• [TASK PROMPT]: Among the lines below, output only those between the line holding "Nghĩa vụ hội" and the line holding "I Just Want", inclusive, exactly as written and with no pictures.

• [PROVIDED RECORDS]:
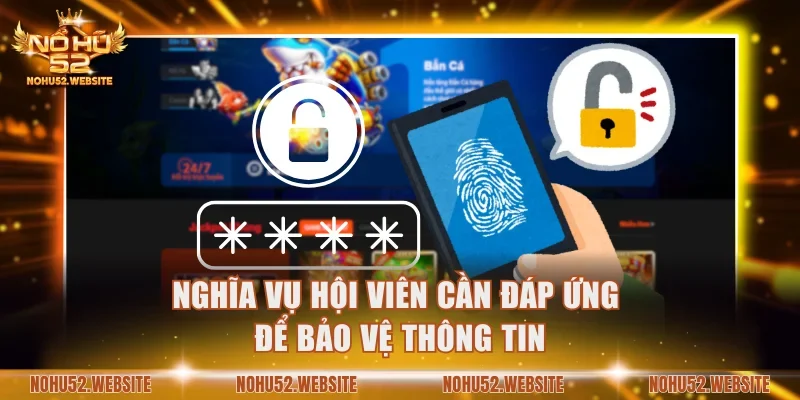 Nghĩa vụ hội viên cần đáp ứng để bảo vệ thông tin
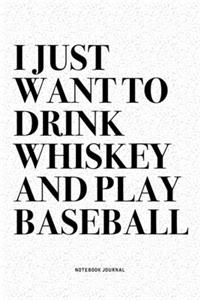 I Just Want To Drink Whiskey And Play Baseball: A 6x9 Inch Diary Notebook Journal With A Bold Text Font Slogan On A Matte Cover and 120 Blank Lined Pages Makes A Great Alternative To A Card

* * *

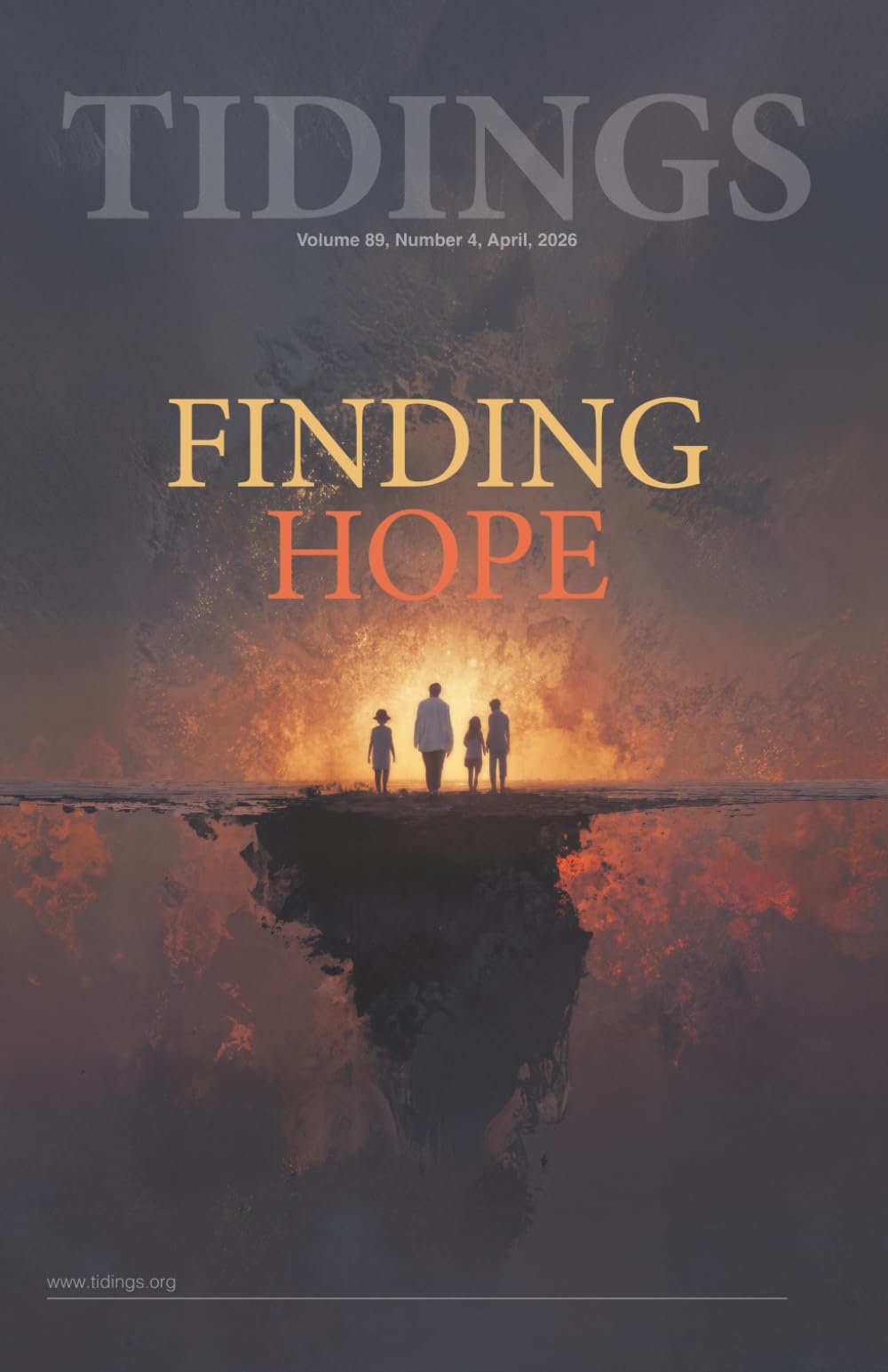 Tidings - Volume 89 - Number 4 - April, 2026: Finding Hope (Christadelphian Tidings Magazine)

• [RESPONSE BOX]:
 Nghĩa vụ hội viên cần đáp ứng để bảo vệ thông tin
 I Just Want To Drink Whiskey And Play Baseball: A 6x9 Inch Diary Notebook Journal With A Bold Text Font Slogan On A Matte Cover and 120 Blank Lined Pages Makes A Great Alternative To A Card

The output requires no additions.